I’ve had experiences where I was made to feel inferior and insignificant. I am sure we all have. No matter what we consciously tell ourselves in the moment, these experiences damage our Ego and have effects that endure for a much longer time than we would like to believe. These experiences have a compounding effect on our victim mentality, they strip away our power and leave us reeling in a tornado of negative self-talk.

Well, the thing is, we allow this to happen to us without thought or question because we have been raised to. From early on in life we are taught that we must submit to the authority of others; a teacher, a boss, a spouse or partner. While this is true in most cases, we have been let down by our parents and the education system for not being taught to understand where the line is draw, or should be drawn. We should absolutely follow the instructions given to us by our teachers, without a doubt pick up our dirty laundry from the floor, and carry out the tasks assigned to us by our boss. But the line of submission must be drawn when the power of authority attacks our character instead of the problem; A teacher mocking you for not catching on fast enough, your partner calling you useless for not performing a household chore, or a boss belittling you at every chance simply because he or she has the opportunity to.

The Stanford Experiment

The power that comes from authority corrupts, not always but more often than not. When given the power to dominate over others we enforce our will and we make sure to remind the people around us of the power we wield. There is a famous experiment where a professor of psychology, Phillip Zimbardo, set out to prove this. In the Stanford Prison Experiment, a group of people were split into two groups and assigned a role in the experiment. Group A would play as prisoners and Group B would play as the guards. Quickly enough, the role of power corrupted the participants in Group B and they became increasingly violent and domineering over the prisoners, Group A. The findings seemed solid; When given the power and opportunity, anyone will become “evil”.

Now it should be noted that academically speaking this experiment is considered as a failure due to the fact that the participants were explicitly told the role they are to play and what types of behaviors are expected of them; Group A, the prisoners, obviously the powerless and submissive, and Group B, the guards, powerful and domineering. This created an implicit expectation completely derailing the objectiveness of the behavior Phillip Zimbardo was attempting to study/prove. He however, to this day, argues against this.

I do believe, in some way, he proved what he set out to. When people are granted power, and are supplied with an expected behavior and result, they will take advantage of their power and do whatever it takes to align themselves accordingly. The mission dehumanizes whoever is on the other end, and the well-being of the powerless is no longer a consideration. It is a bit of an extreme comparison, but the theory holds true no matter what the situation is.

What does this mean for you?

In your life you will always be somewhere on this scale of power, it will tip this way and that way throughout the day. It is your duty to know when you are at which end, and how to own it with responsibility and sensibility. When you are placed in a position of power, don’t give in to the allure; Be responsible and remember to see the human being on the other end. When you are in the other, remember that it does not mean you are powerless; You are the master of your own self, and you decide in the end what you will make of the experience.

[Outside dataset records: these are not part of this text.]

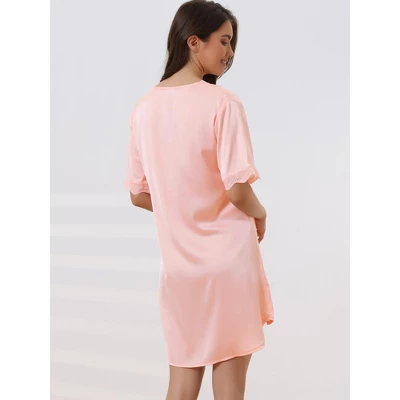 Cheibear Womens Satin Pajama Dress Button Down Silky Short Sleeves Nightgowns - Image 2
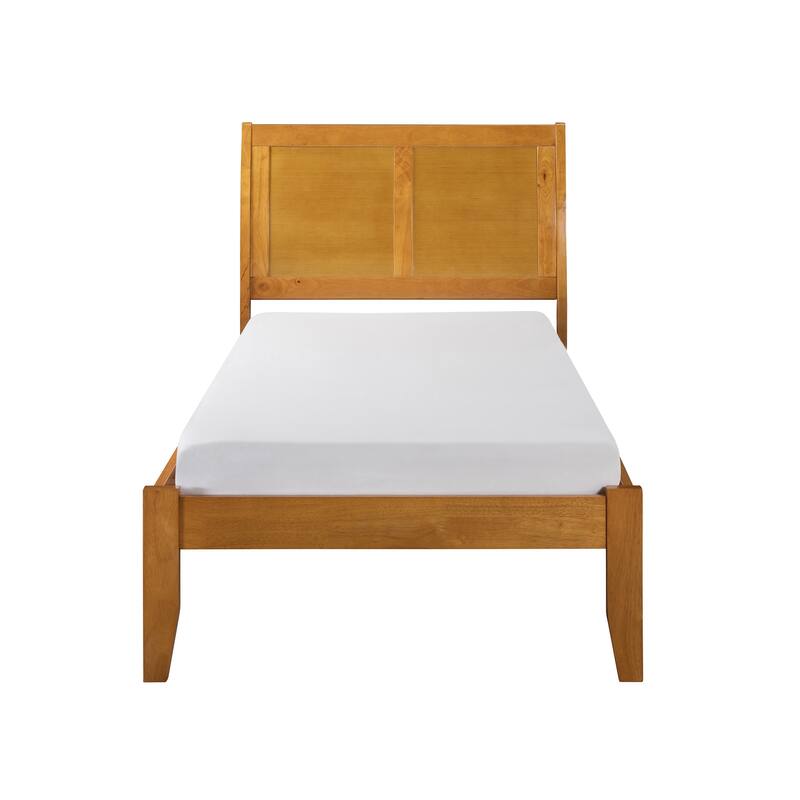 King Platform Bed Walnut Finish - Modern Sleigh Style Bed Frame with Open Footboard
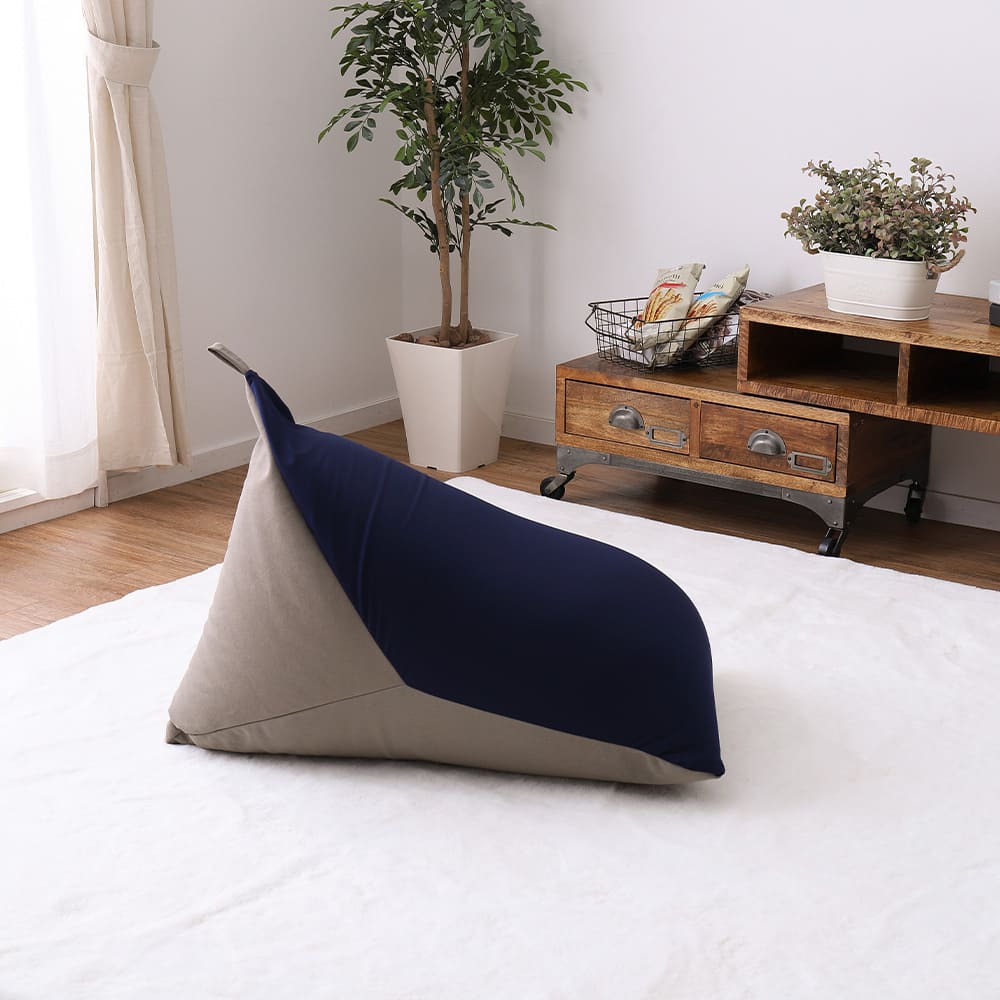 カラーが選べるリラックスビーズクッション  ネイビー／グレー 【直送品】 返品・キャンセル・他商品と同時購入は不可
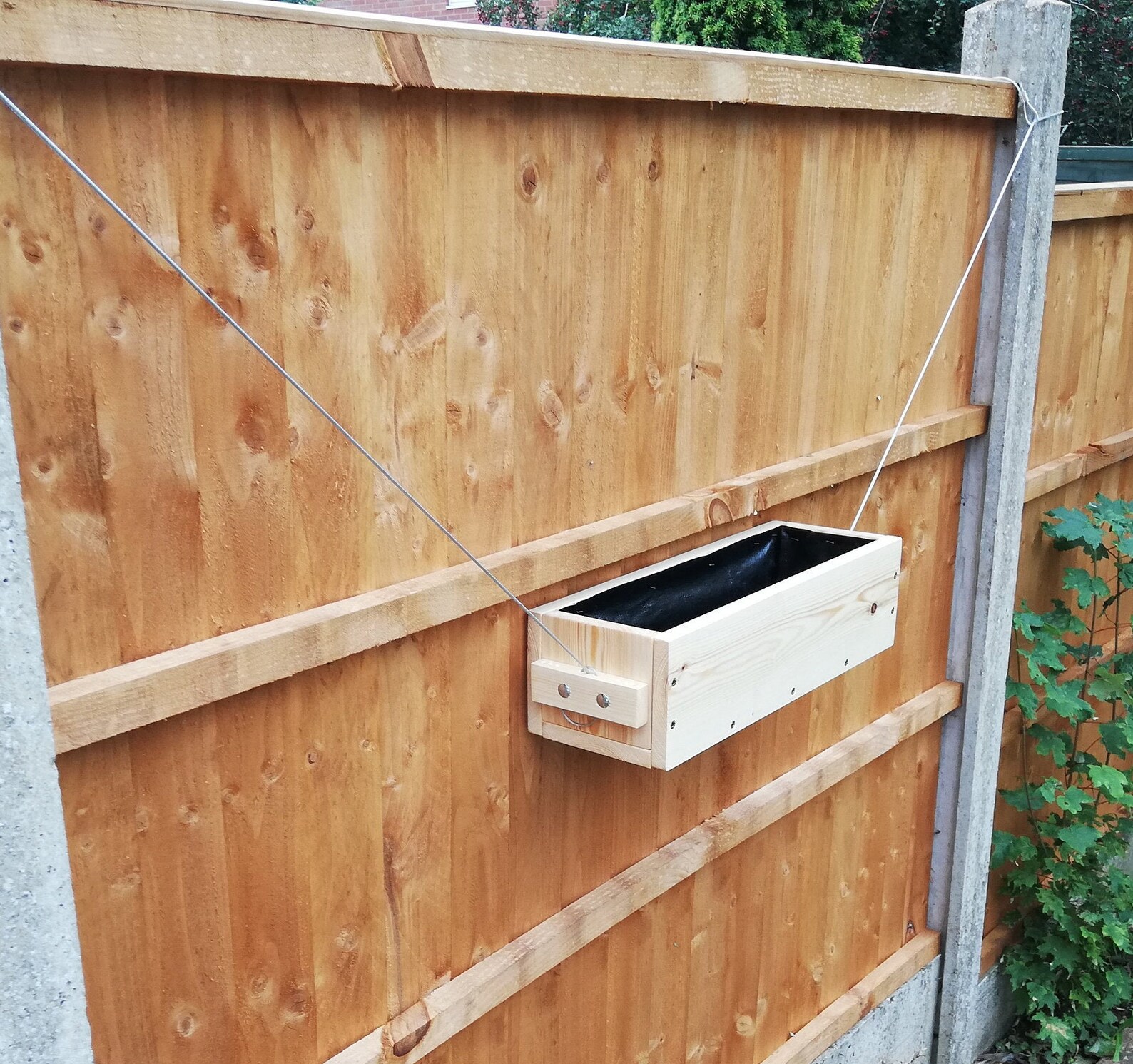 Handmade wooden hanging trough planter set for flowers herbs Etsy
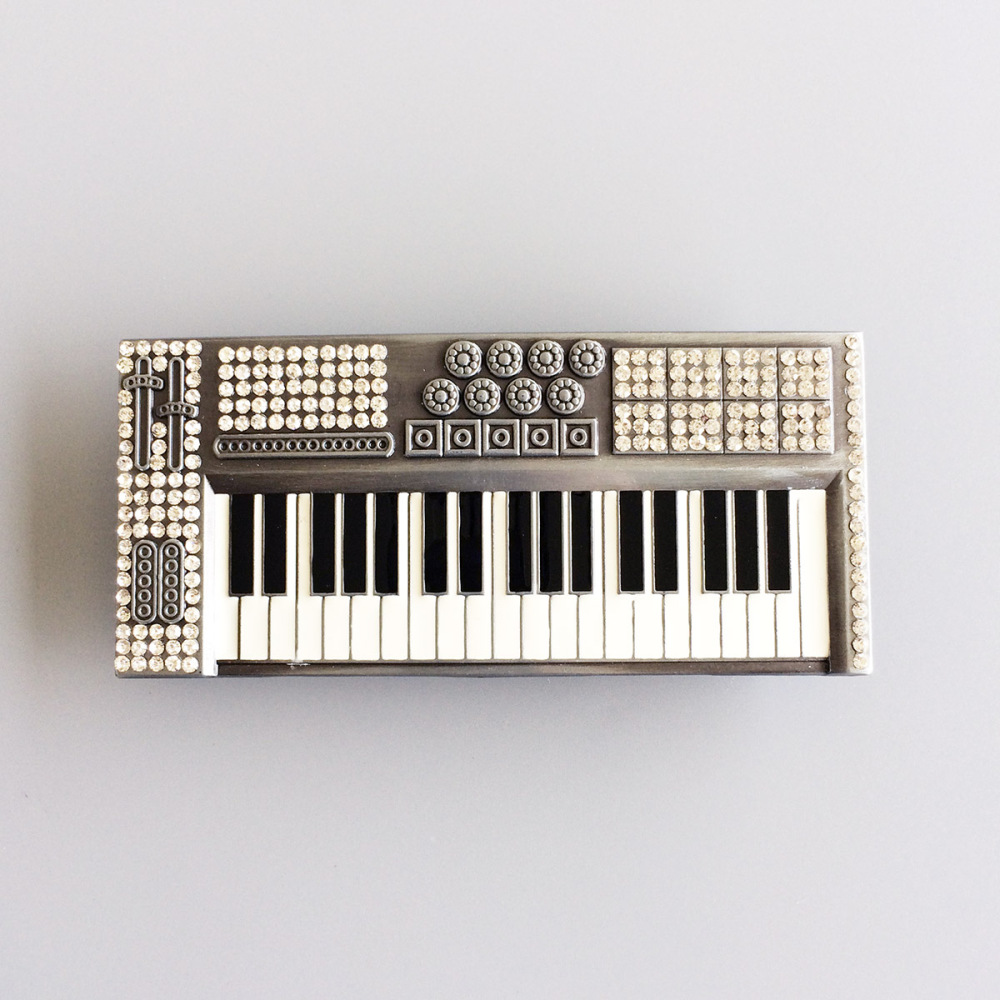 Bling Bling Rhinestones Piano Music Belt Buckle Gurtelschnalle Boucle de ceinture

No more playing the victim

Don’t give away control of yourself. Here are a few things to keep in mind to help you let go of your victim mentality.

  • Be accountable for yourself
  • Acquaint yourself well with the things that make you feel powerless, and remove as many of these from your situation as possible
  • Stop negative self-talk
  • Focus outward with an altruistic mindset
  • Look at things from the other’s perspective
  • Be forgiving

In all honesty this is something that I have struggled with my entire life, and I have not quite overcome it myself. In the past I have always placed myself squarely in the powerless box, wondering why all these bad things happen to me; the classic “Why me?” Little by little though, I’m managing to see things in a different light. And hopefully, by the time I come to the end of this journey, I will be able to say “These things are happening for me” instead of saying “These things are happening to me”.

Many years ago I had a boss, and he told me “The world owes you nothing.” I absolutely despised the man, but years later now I can see; He is 100% right. I did not realize it back then, but right there in that moment he showed me the pathway out of the victim mentality. Obviously, when he said it, I received it while I was still playing the victim and that’s why I was so infuriated by the words. Before I could take these words as wisdom and grow from them, I first had to climb to a vantage point where I could see it as such. Now, I will never be able to say for sure what his intentions behind those words were, whether they were meant to break me or build me, but I’ve decided that it does not matter. Because I matter, and nobody can break me. I hope you can see that for yourself as well. You matter, and nobody can break you.